Valona ne parvenait pas à trouver le sommeil. Pourrait-elle jamais dormir, à présent ? Elle avait assommé un patrouilleur !

Inexplicablement, elle se prit à songer à son père et à sa mère.

Elle n’avait d’eux qu’un souvenir brumeux. Au cours des années, elle avait presque réussi à les oublier. Mais, maintenant, voilà qu’elle se rappelait les conversations tenues à voix étouffée la nuit, quand ses parents la croyaient endormie. Elle se rappelait des visiteurs furtifs.

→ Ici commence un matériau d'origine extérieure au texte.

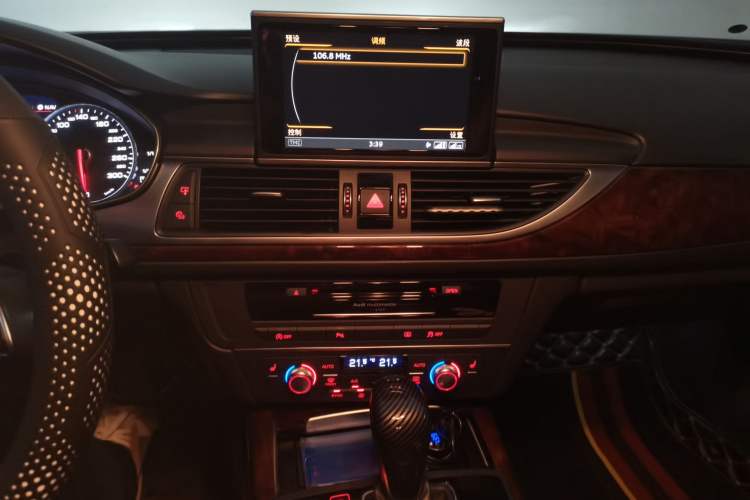 Used Audi A6L 2017 TFSI Comfort Model Audio And AC Panel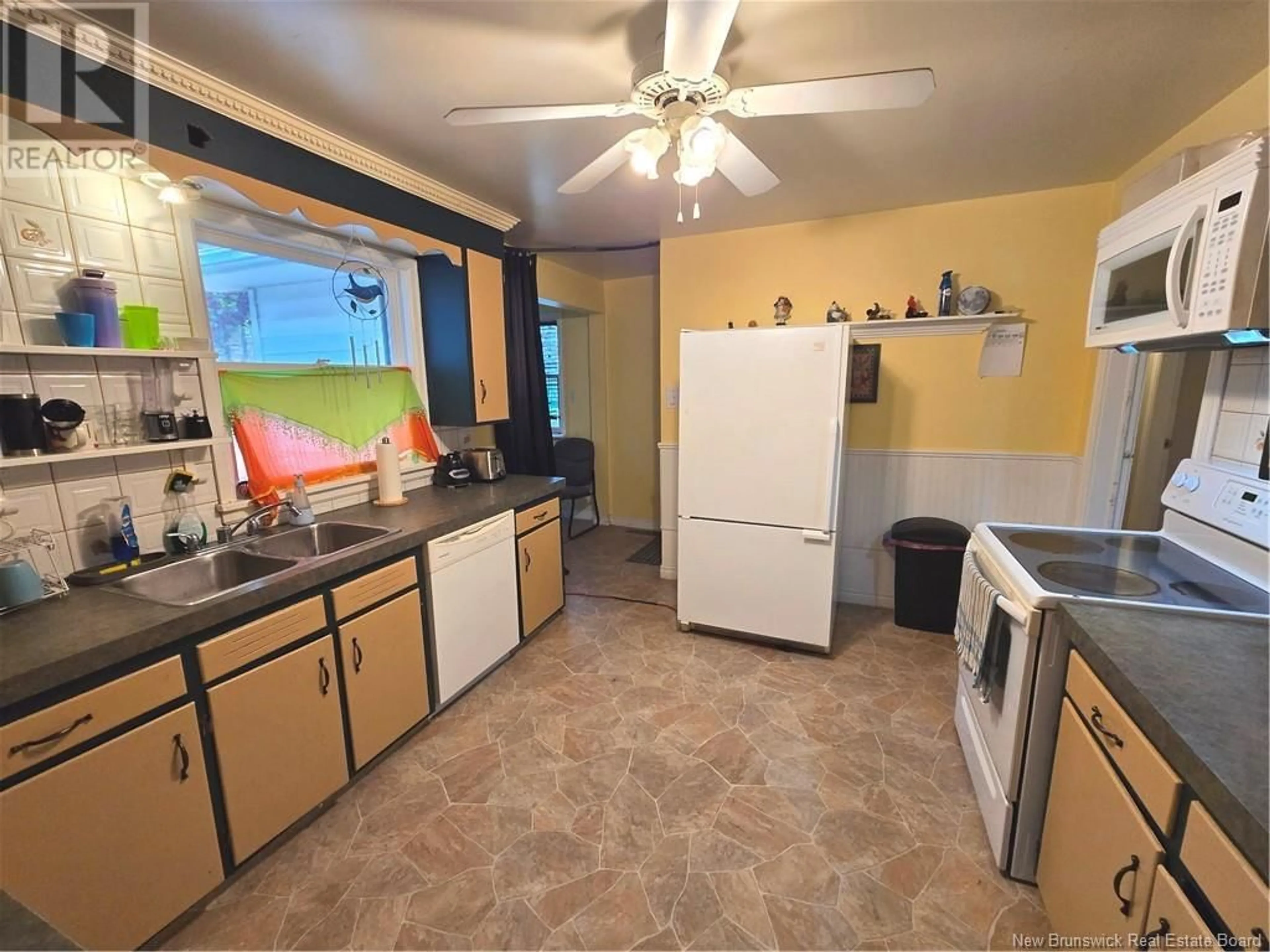 Standard kitchen, ceramic/tile floor for 701 YALE AVENUE, Riverview New Brunswick E1B2C3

Un soir, les patrouilleurs l’avaient réveillée pour lui poser des questions incompréhensibles auxquelles elle s’était efforcée de répondre. Depuis, elle n’avait plus jamais revu ses parents. On lui avait dit qu’ils étaient partis et, le lendemain, On l’avait placée alors que les enfants de son âge avaient encore deux années à s’amuser avant de travailler. Les gens la dévisageaient quand elle passait et les autres gosses n’avaient pas le droit de jouer avec elle, même après la journée. Elle avait appris à se passer de la compagnie d’autrui. A se taire. Et puis on l’avait appelée « la Grande Lona », on se moquait d’elle et on prétendait qu’elle était faible d’esprit.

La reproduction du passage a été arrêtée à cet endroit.